“Whilst P3 projects will still be an important part of our business, we are going to be a broader business than just straight P3s,” says David Swarbrick, UK & Ireland managing director at Invesis, the new name for Bam PPP.
The change of name and focus has been on the cards since December 2020, when pension fund manager and global investor PGGM took a 50% stake in Bam PPP. “Our ownership structure changed with the PGGM stake, and we are no longer simply a subsidiary of Royal Bam Group, we are an independent infrastructure investor,” explains Swarbrick.
As part of this assertion of its new status, Invesis has a clear plan for growth. “We remain focused on our home market of Europe and P3s, but we are also aiming to diversify our portfolio into new areas,” says Swarbrick.
In particular, the expansion will focus on markets in the US and Australia, but the growth plan also means looking for new sectors as well as new geographies in which to operate. While the firm will continue its presence in Europe - and sees good potential in places like Ireland, Belgium, Germany and even in certain sectors of the UK market - it anticipates the real growth to come in North America and in those new sectors.
Invesis will focus on digital infrastructure and the energy transition sectors. “We are responding to the global infrastructure need,” explains Swarbrick. “There has been an explosion in the demand for digital technology and therefore the need for data storage facilities; while the global focus on the energy transition to Net Zero carbon emissions and tackling climate change are also creating a big need. These are the drivers that we are positioning for.
“We will look for projects where we can add value,” he continues. “That will be things like availability-based P3 projects in transportation, social infrastructure and we see a potential niche for ourselves in water infrastructure, where there is a lot of potential in the US.”
Invesis’s Dutch heritage will be leveraged here - after all, Bam has delivered some of the biggest water projects in the world, such as the IJmuiden Sea Lock.
Swarbrick also points out that the firm has a long track record in Europe of delivering schools and government buildings. “We think there will be a wave of grouped schools projects to come in both the US and Belgium, and we are positioning ourselves for that,” he says.
The US schools sector is somewhat disparate due to the fact that schools are managed not by states or even municipalities, but by often small districts. While acknowledging this, Swarbrick believes there will be enough momentum carrying through from successful schemes such as the Prince George’s County Schools P3 in Maryland for more projects to follow suit.

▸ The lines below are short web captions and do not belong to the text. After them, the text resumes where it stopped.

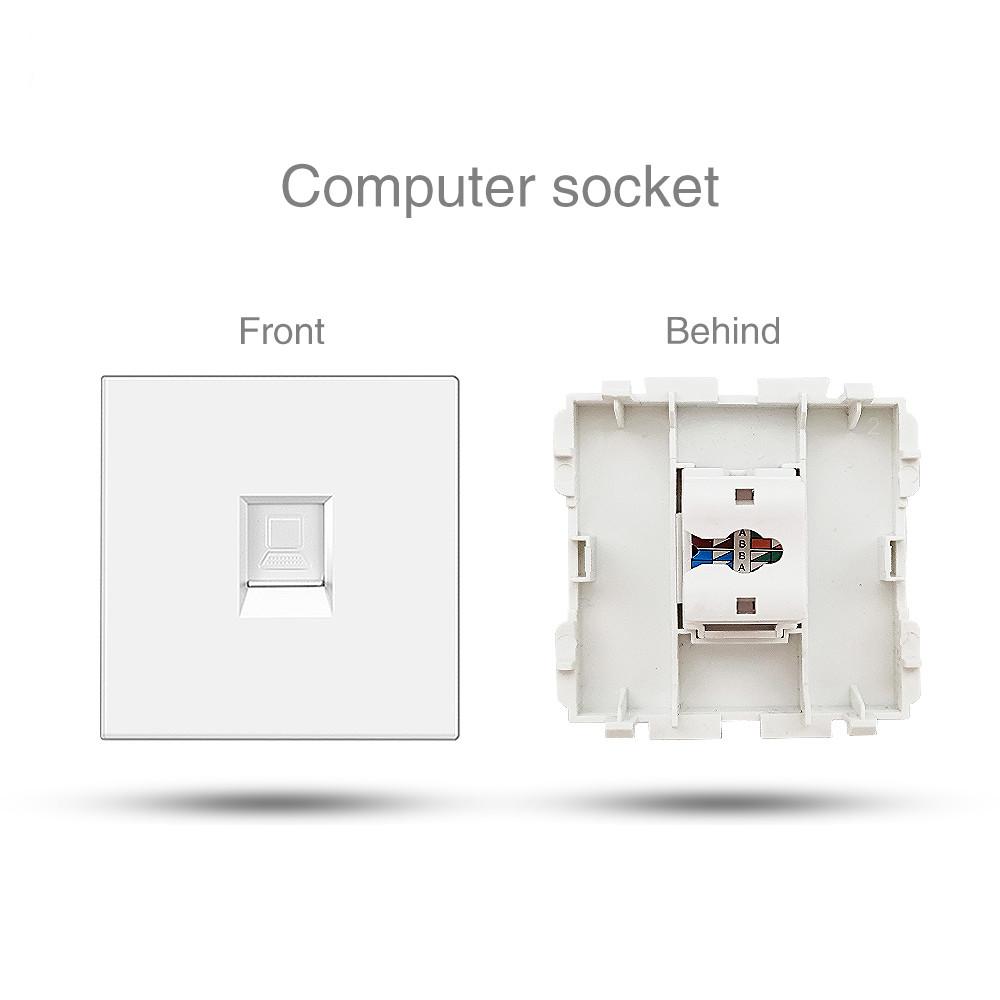Сенсорный выключатель света из закаленного стекла, белый европейский стандарт, немецко-французская настенная розетка с USB-выключателем, модуль RJ45, комбинация «сделай сам»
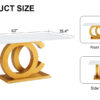 A large modern minimalist rectangular dining table suitable for 6-8 people, equipped with gold MDF OC shaped brackets and aureate base, suitable for kitchen, living room, dining room F-OC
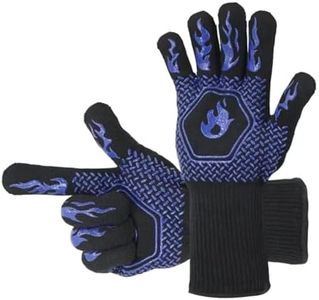 HFLYJPYW BBQ Grill Gloves Heat Resistant 1472℉ High Temp Resistance Fireproof Glove for Grilling Smoking Barbecue Washable Long Oven Extreme Hot Proof Mittens for Kitchen Baking (Blue)
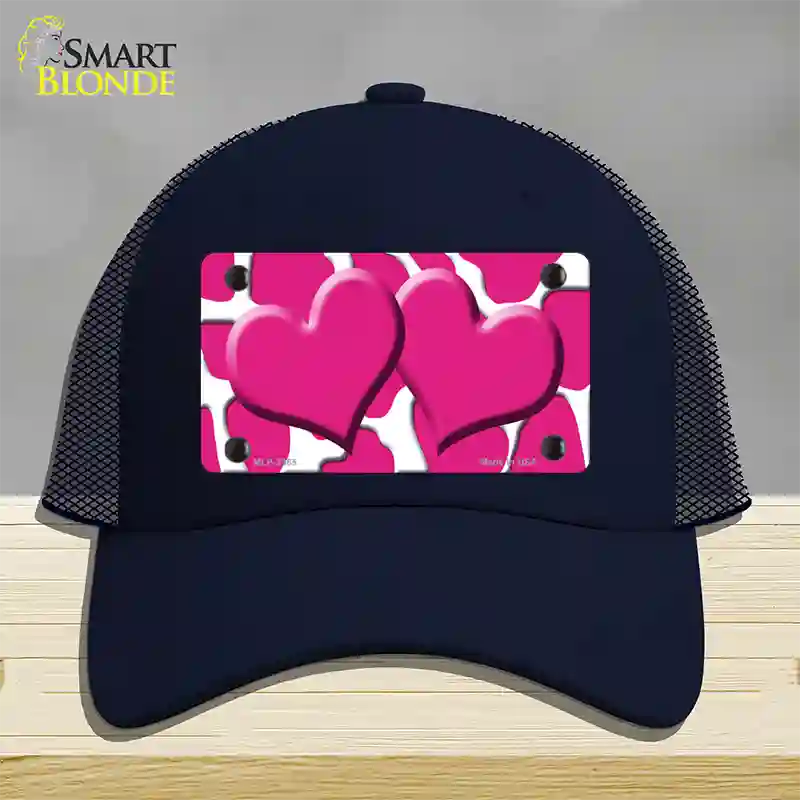 Pink White Giraffe Pink Centered Hearts Novelty License Plate Hat Mesh / Navy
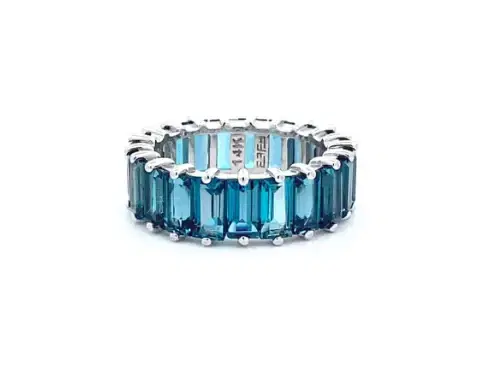 Wish Fine Jewelry 7.40ct Blue Topaz 18K Gold Eternity Band Ring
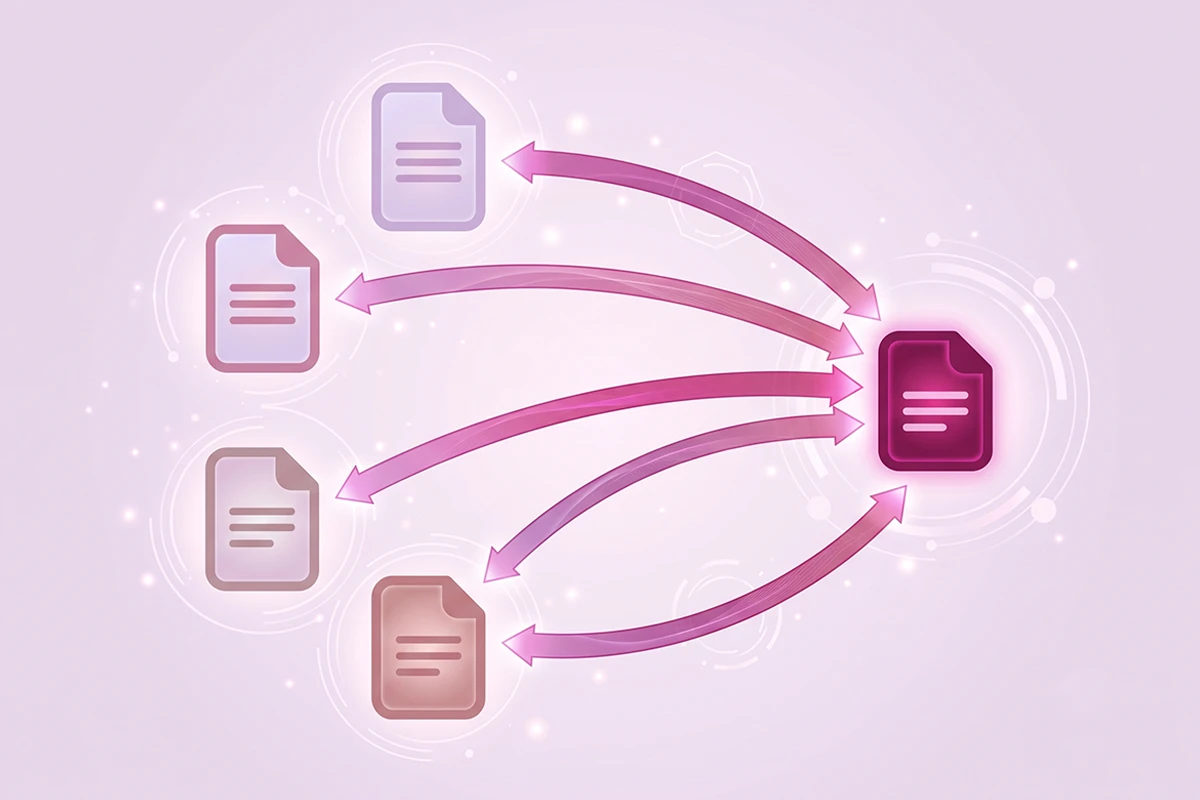 Diagram of older Shopify blog posts linking to a new post and the new post linking back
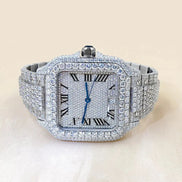 Iced Out Handmade Full White Moissanite Watch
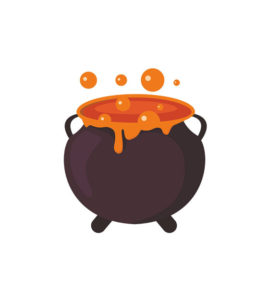 Clairvoyant Orange Bubble Witch Cauldron Vector Art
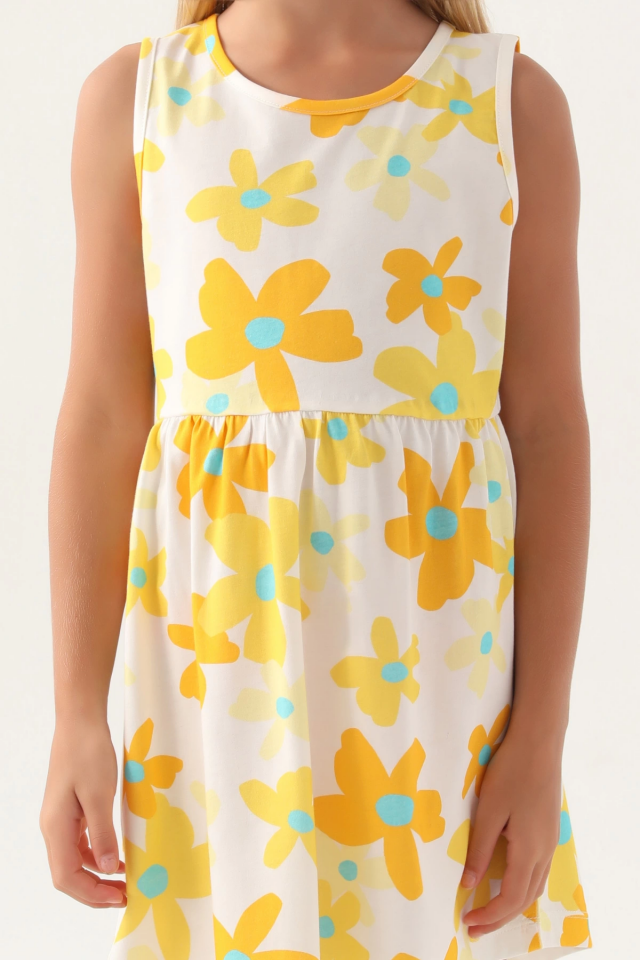 Roly Poly 3393-3 Kız Çocuk Çiçekli Elbise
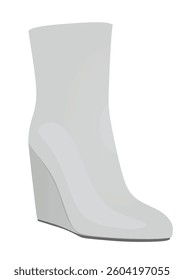 Grey women boots. vector illustration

As Invesis looks to establish its presence in North America, the firm will seek to build up its portfolio with acquisitions on the secondary market, as well as looking for new schemes. “We are keen to do greenfield projects, but also acquisitions in the secondary market to gain a footprint,” explains Swarbrick. “One of the key objectives we have is to develop partnerships with local contractors. On that we will take an agnostic approach, seeking to choose the right partner depending on the location and sector.
“The ultimate objective is to have a North American business unit that exists in the same way as our home markets, in that it is self-sustaining.”
The company will look at potential projects in Canada as well as the US. “We are seeing some opportunities in Canada, but it is a mature market with some strong players,” he says.
The same could be said of Australia, however Invesis has a key difference here: it already has a place at the table, thanks to its role on Brisbane’s Cross River Rail P3. “That puts us in a good position to look to continue our journey in Australia,” says Swarbrick.
The plans for Invesis are clearly bold, but Swarbrick sees them as an extension of the way Bam PPP has done its business over the years.
“Bam PPP has had a footprint across a range of jurisdictions that has allowed it to continue to make investments as the level of activity changes in those different countries,” he points out. “For example, we have been able to do schools and prisons in Belgium, more recently social housing in Ireland, and in the future there is potential for water projects in the UK. However, you are not going to get significant growth from those markets alone, which is why we are looking at different markets for growth.”